[comp.std.internat] code for char set conversions

rschwartz@OFFICE.WANG.COM (R. Schwartz@Wang R&D Net) (05/21/91)

Has anyone got code written (preferably in 'C') for doing conversions
between Unicode and 8859 (various flavors handled by a table-driven
algorithm, of course) and vice versa?

Same question regarding Unicode and 6937 flavors, and vice versa?

Same question regarding 8859 flavors and 10646?

Same question regarding 6937 flavors and 10646?

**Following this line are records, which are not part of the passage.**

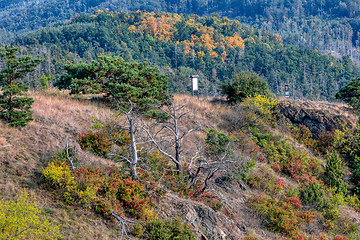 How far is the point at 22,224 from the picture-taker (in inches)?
238

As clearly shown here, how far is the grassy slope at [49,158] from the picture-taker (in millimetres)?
7504

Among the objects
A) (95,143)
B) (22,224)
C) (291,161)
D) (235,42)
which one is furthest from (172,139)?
(235,42)

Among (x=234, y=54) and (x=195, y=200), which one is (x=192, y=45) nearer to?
(x=234, y=54)

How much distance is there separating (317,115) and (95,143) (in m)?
17.0

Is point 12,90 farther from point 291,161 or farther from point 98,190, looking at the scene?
point 291,161

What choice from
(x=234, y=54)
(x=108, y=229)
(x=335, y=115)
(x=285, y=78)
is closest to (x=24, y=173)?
(x=108, y=229)

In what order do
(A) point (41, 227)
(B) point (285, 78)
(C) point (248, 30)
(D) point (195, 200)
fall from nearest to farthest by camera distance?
(A) point (41, 227), (D) point (195, 200), (B) point (285, 78), (C) point (248, 30)

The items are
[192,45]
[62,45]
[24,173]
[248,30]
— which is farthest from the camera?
[248,30]

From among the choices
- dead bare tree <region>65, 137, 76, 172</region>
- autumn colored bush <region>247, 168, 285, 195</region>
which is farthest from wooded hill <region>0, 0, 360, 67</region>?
dead bare tree <region>65, 137, 76, 172</region>

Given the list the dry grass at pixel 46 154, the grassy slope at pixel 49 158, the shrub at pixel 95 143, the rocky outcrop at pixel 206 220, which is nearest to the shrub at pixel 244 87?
the grassy slope at pixel 49 158

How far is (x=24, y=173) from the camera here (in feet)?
27.4

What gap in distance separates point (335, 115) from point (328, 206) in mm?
9642

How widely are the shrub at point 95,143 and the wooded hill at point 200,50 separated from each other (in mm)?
59797

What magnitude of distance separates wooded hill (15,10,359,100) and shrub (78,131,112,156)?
59.8 metres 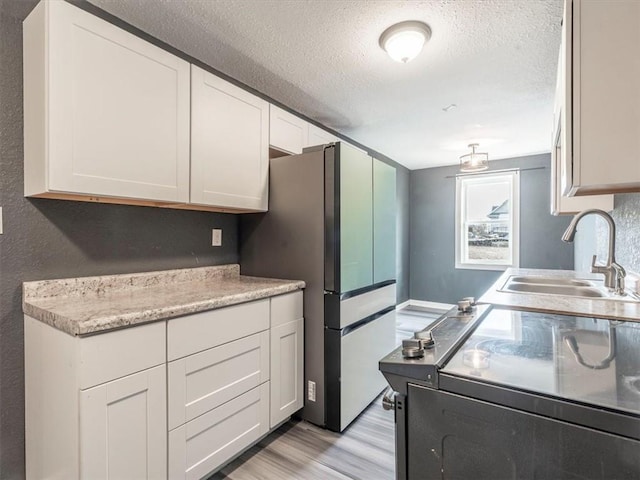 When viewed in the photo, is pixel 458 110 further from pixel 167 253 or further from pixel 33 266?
pixel 33 266

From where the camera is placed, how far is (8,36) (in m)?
1.43

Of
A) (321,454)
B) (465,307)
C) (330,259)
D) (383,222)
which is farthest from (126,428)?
(383,222)

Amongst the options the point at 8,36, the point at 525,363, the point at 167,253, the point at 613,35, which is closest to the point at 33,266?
the point at 167,253

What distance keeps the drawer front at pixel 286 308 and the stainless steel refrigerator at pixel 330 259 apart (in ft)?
0.21

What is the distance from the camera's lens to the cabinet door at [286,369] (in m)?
1.89

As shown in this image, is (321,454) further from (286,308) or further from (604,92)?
(604,92)

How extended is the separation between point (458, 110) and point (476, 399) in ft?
9.48

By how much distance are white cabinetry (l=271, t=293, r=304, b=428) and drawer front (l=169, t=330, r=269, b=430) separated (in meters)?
0.09

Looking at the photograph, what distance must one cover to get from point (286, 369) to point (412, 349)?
1.33 meters

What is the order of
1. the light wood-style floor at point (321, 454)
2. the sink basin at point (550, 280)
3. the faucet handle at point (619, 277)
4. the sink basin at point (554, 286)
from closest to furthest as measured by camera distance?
the faucet handle at point (619, 277)
the light wood-style floor at point (321, 454)
the sink basin at point (554, 286)
the sink basin at point (550, 280)

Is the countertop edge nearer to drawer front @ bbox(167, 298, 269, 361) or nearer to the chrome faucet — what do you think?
drawer front @ bbox(167, 298, 269, 361)

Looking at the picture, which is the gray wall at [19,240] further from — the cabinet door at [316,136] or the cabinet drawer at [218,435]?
the cabinet door at [316,136]

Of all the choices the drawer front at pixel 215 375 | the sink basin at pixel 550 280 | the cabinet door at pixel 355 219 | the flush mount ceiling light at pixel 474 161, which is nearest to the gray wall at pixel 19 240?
the drawer front at pixel 215 375

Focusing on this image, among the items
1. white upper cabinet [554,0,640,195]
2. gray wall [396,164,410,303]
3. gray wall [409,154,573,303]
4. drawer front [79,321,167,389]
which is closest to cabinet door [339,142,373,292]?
drawer front [79,321,167,389] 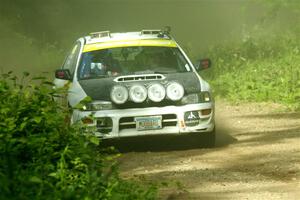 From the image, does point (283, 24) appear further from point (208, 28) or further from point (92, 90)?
point (92, 90)

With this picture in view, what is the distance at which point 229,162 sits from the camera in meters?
10.3

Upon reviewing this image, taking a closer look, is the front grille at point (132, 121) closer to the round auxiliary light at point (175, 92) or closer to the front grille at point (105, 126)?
the front grille at point (105, 126)

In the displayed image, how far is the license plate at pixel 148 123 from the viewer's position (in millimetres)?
11125

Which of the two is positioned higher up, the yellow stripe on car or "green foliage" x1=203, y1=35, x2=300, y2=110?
the yellow stripe on car

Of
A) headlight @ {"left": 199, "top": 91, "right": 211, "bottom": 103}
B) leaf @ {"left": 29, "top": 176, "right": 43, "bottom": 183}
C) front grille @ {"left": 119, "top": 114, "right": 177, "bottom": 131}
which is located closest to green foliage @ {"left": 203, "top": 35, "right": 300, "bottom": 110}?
headlight @ {"left": 199, "top": 91, "right": 211, "bottom": 103}

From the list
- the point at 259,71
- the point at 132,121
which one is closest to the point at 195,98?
the point at 132,121

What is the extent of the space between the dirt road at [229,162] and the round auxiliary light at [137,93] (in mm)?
777

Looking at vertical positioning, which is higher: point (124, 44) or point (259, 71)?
point (124, 44)

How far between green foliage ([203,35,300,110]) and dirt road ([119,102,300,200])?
263 cm

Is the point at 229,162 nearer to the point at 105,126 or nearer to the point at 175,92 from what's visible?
the point at 175,92

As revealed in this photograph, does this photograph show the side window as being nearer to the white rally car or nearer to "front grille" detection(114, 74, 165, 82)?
the white rally car

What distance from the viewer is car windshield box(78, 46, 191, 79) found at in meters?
12.1

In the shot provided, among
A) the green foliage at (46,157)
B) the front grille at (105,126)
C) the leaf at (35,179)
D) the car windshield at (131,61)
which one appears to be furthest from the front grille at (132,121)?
the leaf at (35,179)

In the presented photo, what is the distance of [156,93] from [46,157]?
3.94 m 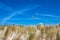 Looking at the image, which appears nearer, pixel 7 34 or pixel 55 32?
pixel 55 32

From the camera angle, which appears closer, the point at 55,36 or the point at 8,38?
the point at 55,36

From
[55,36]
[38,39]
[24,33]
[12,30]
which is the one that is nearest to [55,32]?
[55,36]

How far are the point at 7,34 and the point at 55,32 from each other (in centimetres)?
100

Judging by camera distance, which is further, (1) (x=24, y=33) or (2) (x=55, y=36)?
(1) (x=24, y=33)

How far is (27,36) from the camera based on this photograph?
3.63 meters

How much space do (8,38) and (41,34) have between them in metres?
0.69

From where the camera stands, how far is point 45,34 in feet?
11.8

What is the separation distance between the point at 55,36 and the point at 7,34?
1.00m

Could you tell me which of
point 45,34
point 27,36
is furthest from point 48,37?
point 27,36

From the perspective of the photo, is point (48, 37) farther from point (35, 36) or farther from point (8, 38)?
point (8, 38)

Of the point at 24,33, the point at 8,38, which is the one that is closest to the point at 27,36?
the point at 24,33

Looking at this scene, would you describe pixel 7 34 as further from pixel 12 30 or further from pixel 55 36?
pixel 55 36

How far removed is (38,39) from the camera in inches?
140

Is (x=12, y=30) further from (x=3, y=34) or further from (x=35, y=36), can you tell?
(x=35, y=36) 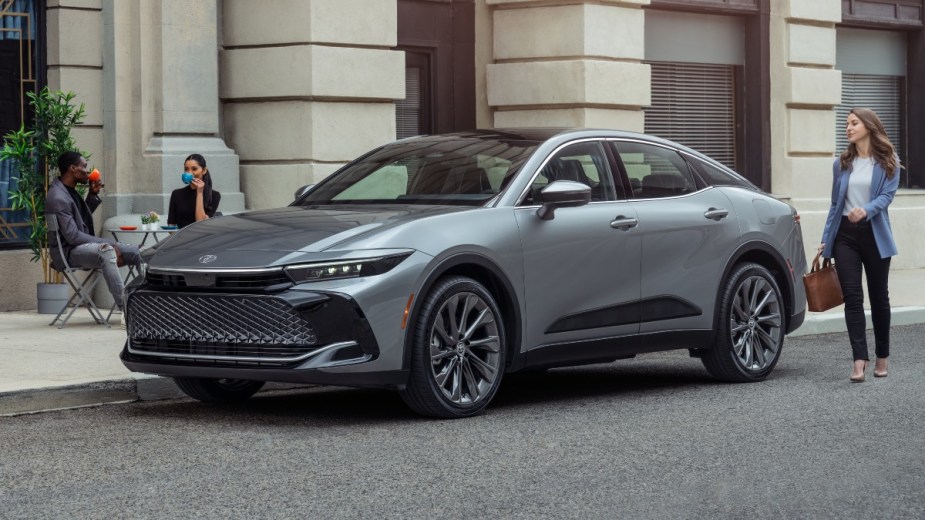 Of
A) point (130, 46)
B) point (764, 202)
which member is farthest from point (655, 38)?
point (764, 202)

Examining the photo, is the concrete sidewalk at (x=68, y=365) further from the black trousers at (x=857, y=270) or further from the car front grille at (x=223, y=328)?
the black trousers at (x=857, y=270)

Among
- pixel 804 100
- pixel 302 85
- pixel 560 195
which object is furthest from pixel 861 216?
pixel 804 100

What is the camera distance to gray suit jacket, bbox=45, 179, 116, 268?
12625mm

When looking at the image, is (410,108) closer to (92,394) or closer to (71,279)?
(71,279)

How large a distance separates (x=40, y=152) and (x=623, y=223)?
6493mm

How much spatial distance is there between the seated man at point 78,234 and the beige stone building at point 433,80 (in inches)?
67.2

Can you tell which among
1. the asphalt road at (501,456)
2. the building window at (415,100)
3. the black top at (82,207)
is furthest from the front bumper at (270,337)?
the building window at (415,100)

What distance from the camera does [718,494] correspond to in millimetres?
6402

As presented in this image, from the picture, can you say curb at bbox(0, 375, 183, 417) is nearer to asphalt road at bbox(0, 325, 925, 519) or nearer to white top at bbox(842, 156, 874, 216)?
asphalt road at bbox(0, 325, 925, 519)

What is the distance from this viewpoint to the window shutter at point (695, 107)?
19.6m

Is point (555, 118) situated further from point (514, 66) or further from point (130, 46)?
point (130, 46)

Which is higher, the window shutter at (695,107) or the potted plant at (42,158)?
the window shutter at (695,107)

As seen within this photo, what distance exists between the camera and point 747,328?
10250mm

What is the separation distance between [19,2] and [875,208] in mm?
8291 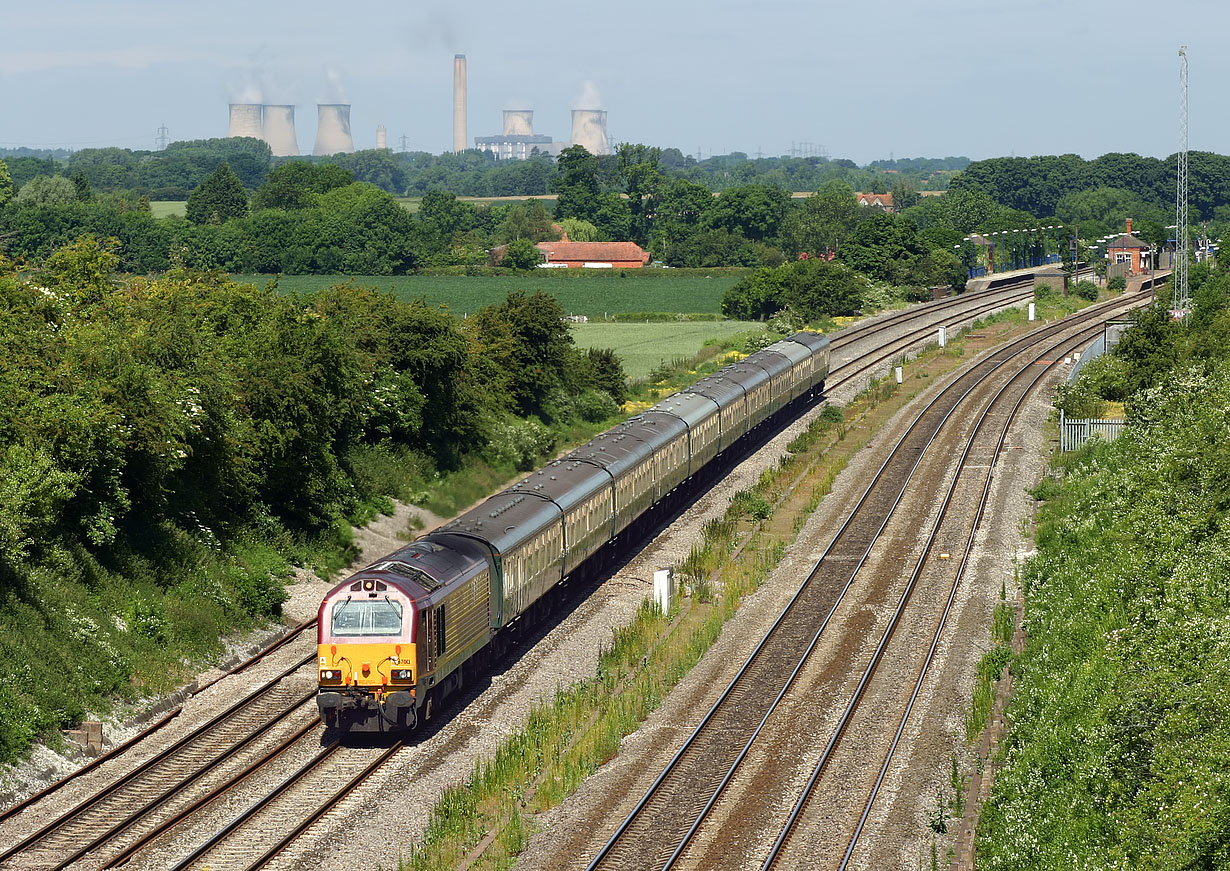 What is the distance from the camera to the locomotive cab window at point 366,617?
25.9 m

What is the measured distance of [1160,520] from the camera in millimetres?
31172

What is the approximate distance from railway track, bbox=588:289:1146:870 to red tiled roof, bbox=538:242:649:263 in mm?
123830

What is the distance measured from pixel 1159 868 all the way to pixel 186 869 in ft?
47.4

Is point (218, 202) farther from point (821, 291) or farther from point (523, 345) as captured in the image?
point (523, 345)

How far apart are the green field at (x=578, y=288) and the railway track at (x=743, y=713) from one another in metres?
77.8

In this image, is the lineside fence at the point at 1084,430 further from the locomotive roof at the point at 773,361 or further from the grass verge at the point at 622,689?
the locomotive roof at the point at 773,361

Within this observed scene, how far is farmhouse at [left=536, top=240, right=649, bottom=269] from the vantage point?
563 ft

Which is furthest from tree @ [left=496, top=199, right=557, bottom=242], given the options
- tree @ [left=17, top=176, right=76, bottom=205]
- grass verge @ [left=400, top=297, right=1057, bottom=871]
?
grass verge @ [left=400, top=297, right=1057, bottom=871]

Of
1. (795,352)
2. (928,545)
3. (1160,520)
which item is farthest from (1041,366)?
(1160,520)

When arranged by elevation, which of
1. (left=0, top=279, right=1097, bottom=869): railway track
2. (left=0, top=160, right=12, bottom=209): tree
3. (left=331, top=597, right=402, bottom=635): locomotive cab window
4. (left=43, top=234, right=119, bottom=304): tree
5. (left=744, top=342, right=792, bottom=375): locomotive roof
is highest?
(left=0, top=160, right=12, bottom=209): tree

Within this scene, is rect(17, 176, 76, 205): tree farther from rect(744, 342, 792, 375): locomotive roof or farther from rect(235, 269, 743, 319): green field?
rect(744, 342, 792, 375): locomotive roof

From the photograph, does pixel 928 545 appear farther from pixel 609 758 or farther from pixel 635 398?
pixel 635 398

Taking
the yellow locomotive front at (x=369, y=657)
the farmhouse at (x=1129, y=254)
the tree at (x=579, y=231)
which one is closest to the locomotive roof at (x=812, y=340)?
the yellow locomotive front at (x=369, y=657)

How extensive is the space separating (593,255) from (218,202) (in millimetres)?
54525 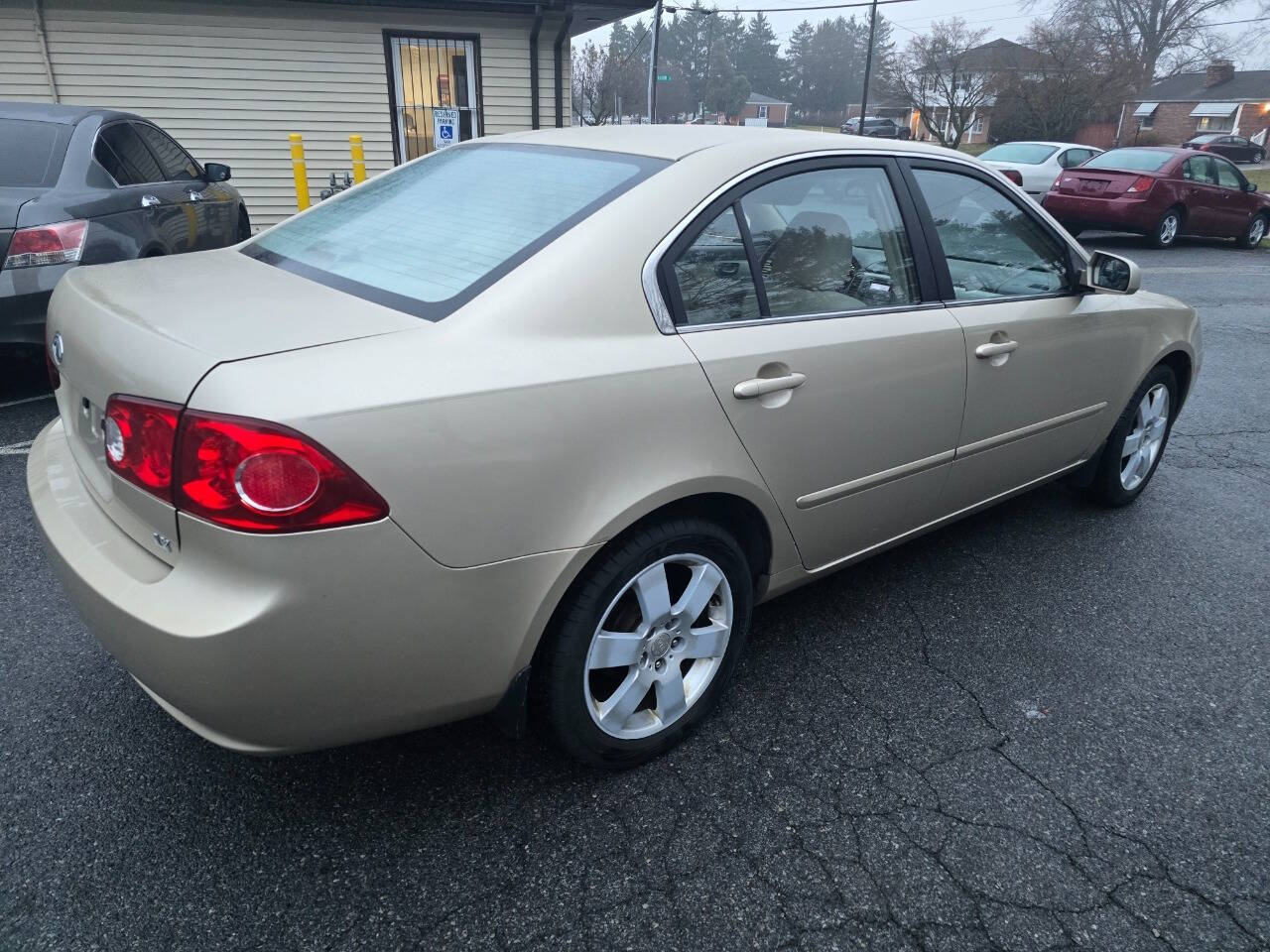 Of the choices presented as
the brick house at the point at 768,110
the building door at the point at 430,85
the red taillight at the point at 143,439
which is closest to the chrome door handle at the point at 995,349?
the red taillight at the point at 143,439

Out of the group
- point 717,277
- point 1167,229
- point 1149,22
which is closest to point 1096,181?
point 1167,229

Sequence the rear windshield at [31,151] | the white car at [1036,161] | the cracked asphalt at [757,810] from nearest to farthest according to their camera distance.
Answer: the cracked asphalt at [757,810] → the rear windshield at [31,151] → the white car at [1036,161]

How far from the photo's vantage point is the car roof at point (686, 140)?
99.3 inches

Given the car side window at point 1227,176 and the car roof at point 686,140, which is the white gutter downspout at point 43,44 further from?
the car side window at point 1227,176

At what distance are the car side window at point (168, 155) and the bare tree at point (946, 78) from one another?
3643 cm

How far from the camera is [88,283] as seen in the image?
2.31 metres

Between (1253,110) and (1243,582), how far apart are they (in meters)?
69.0

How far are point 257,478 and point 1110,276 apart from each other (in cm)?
310

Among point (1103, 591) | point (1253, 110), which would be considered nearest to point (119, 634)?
point (1103, 591)

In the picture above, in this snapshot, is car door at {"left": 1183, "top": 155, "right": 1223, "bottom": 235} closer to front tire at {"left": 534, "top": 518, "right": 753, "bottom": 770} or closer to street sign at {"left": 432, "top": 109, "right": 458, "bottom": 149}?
street sign at {"left": 432, "top": 109, "right": 458, "bottom": 149}

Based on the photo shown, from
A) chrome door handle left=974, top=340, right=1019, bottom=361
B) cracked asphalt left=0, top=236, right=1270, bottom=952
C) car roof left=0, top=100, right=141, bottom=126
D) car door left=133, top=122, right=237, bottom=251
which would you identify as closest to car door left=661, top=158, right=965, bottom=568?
chrome door handle left=974, top=340, right=1019, bottom=361

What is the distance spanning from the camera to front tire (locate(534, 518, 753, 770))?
2.09 metres

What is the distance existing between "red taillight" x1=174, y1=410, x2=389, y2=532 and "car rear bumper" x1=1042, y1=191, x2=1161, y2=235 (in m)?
14.1

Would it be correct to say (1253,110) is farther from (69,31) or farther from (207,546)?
(207,546) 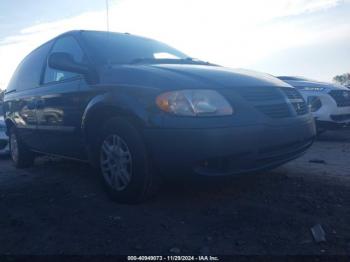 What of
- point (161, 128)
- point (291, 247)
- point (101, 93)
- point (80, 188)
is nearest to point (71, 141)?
point (80, 188)

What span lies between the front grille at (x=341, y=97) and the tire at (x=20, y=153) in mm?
5445

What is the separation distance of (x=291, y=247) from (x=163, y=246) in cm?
85

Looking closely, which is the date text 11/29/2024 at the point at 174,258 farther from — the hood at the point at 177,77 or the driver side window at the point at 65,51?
the driver side window at the point at 65,51

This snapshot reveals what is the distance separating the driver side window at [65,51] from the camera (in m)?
4.08

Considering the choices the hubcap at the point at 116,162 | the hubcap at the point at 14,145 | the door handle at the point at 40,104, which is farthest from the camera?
the hubcap at the point at 14,145

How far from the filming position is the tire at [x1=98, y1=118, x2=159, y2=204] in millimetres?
3076

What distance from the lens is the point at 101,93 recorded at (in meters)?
3.47

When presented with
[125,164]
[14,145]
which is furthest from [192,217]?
[14,145]

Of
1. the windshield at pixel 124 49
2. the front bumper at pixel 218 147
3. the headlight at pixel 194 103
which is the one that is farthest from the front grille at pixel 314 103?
the headlight at pixel 194 103

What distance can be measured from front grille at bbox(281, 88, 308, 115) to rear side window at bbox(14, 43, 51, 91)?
328cm

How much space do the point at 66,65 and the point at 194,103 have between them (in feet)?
4.67

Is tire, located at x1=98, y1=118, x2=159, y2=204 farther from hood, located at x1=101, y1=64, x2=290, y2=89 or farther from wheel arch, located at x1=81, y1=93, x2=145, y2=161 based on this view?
hood, located at x1=101, y1=64, x2=290, y2=89

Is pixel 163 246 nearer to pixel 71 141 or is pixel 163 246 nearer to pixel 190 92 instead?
pixel 190 92

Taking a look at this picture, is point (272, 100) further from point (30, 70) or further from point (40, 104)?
point (30, 70) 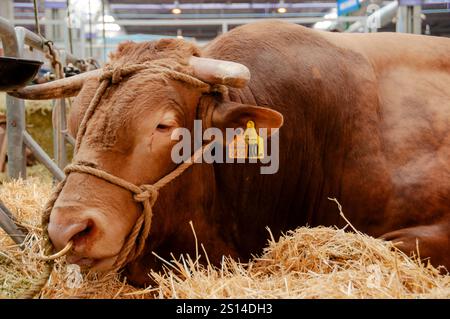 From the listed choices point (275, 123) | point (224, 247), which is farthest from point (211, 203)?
point (275, 123)

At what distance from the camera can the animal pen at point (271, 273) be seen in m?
1.98

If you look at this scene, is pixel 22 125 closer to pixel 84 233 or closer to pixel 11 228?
pixel 11 228

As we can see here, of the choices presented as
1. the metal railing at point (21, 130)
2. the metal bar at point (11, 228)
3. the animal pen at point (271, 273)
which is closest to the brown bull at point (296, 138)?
the animal pen at point (271, 273)

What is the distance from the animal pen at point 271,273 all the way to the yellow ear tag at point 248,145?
39cm

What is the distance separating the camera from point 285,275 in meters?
2.26

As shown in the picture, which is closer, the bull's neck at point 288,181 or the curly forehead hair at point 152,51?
the curly forehead hair at point 152,51

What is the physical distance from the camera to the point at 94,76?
264cm

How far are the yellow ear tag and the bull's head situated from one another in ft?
0.15

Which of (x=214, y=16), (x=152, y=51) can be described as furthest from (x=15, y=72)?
(x=214, y=16)

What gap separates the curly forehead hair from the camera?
243 cm

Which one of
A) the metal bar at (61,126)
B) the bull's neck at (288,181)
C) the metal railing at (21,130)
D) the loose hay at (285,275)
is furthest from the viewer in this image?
the metal bar at (61,126)

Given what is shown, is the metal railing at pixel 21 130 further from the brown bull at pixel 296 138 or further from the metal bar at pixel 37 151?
the brown bull at pixel 296 138

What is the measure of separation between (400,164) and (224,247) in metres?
0.99

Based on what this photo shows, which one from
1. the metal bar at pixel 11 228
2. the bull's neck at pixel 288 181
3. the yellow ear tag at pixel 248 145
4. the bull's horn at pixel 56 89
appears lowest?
the metal bar at pixel 11 228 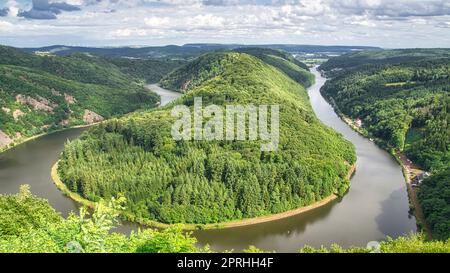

Same question regarding Unicode and 10646 and vice versa, at least for the
European languages subsets?

The reason for my interest is theoretical, not practical.  By examining
the complexity and performance of these routines I hope to either confirm or
rebut my feelings about the technical implications of Unicode's utilization
of trailing non-spacing diacritics.

rich schwartz   (All views expressed are my own, and not Wang Labs, Inc.'s.)
 rschwartz@office.wang.com      VOICE (508) 967 5027     FAX (508) 967 0947
     Wang Labs, Inc., M/S 019-58A, 1 Industrial Ave., Lowell, MA 01851

keld@login.dkuug.dk (Keld J|rn Simonsen) (05/23/91)

rschwartz@OFFICE.WANG.COM (R. Schwartz@Wang R&D Net) writes:

>Has anyone got code written (preferably in 'C') for doing conversions
>between Unicode and 8859 (various flavors handled by a table-driven
>algorithm, of course) and vice versa?

And same question on conversion between other character sets...


I have written code for conversion between about 100 character sets
(in C) but actually none of the mentioned conversions were included.
They are planned though.  The reason why these conversions are
not included in the abut 10000 possible converisons I have, is because
these are the most difficult. And I find the conversions to and from
Unicode the most difficult of them all, so that will be the last to
be implemented, but it will come....

The code is available in dkuug.dk:pub/ch.shar0[12] by ftp, FTAM or email.

Keld Simonsen